Database Related

Natural Key In SQL – Definition And Example

Within the context of data warehouses and SQL, you have probably come across the phrase natural key. Actually, a natural key is a key which is made up of columns having a logical relationship within a table with other columns. Here is an example to explain you natural key in simple English.

  • Example of Natural Key

Suppose a table named as People. When we use the columns Address, Last_Name and First_Name together to form a key, then this will be a natural key as those columns are something that are completely natural to people, and there is also a logical relationship between all the columns that may exist in the table.

  • Reason Behind the Name Natural Key

You may want to know that why is it called a natural key.
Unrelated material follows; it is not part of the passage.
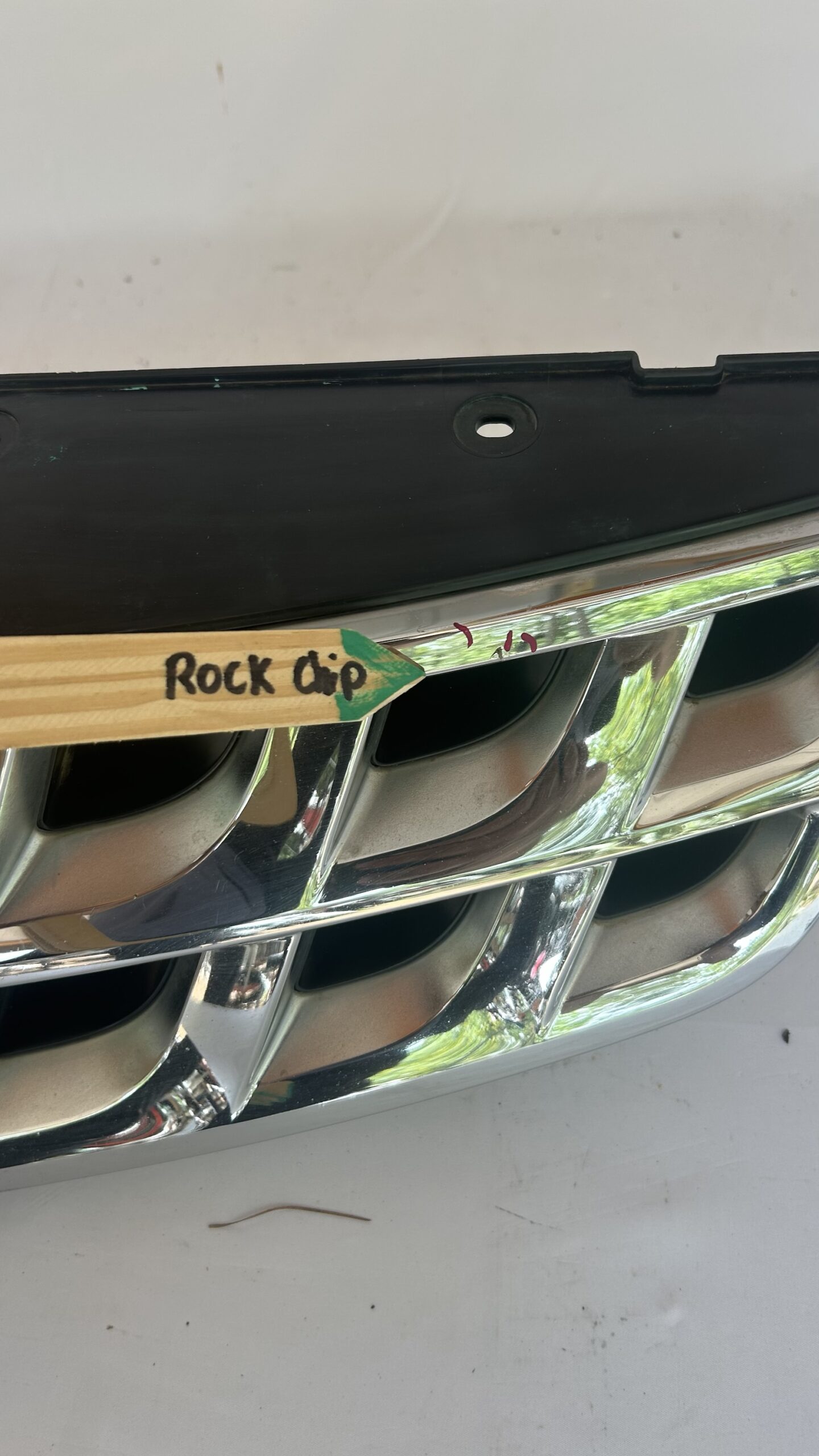 2011-2015 Nissan Rogue Grille w/ camera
The reason is that the columns that fit into the key are just a part of the table naturally and also have a relationship in the table with other columns. Therefore, a natural key already present within a table– and columns do not require to be added just for the purpose of creating an “artificial” key.

  • Natural keys versus domain keys and business keys

Natural keys are also known as the business keys or domain keys, while all these terms mean exactly the same thing.
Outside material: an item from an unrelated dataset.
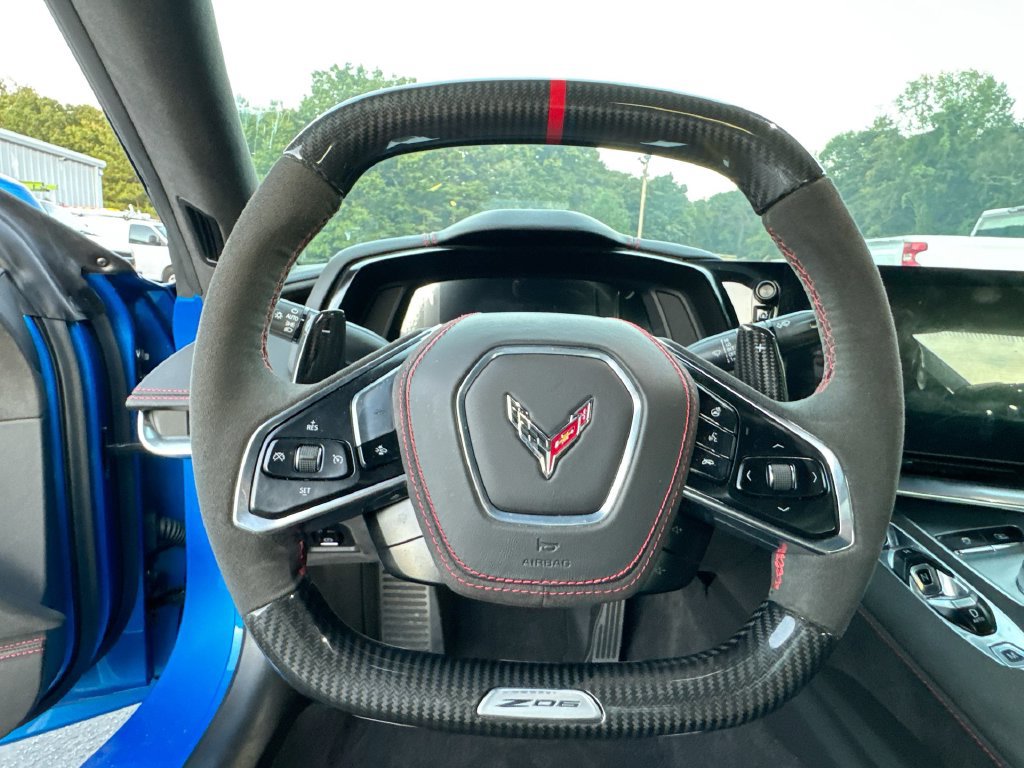 Used 2024 Chevrolet Corvette Z06 RWD image 16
  • Surrogate keys versus Natural keys

Generally, Natural keys are compared with surrogate keys. The term surrogate literally means replacement or a substitute. The main reason that why a surrogate key is like a substitute is because it is artificial. This means that there is no logical relationship in between the column used for the surrogate key in the table.

  • Applications of surrogate keys

Since a surrogate is an unnatural key, thus in the most databases, these keys are just used to act as a primary key. These keys are just simple sequential numbers that can be used for uniquely identifying a row. For instance, SQL Server and Sybase both have an identity column specially meant to hold a different sequential number for each row.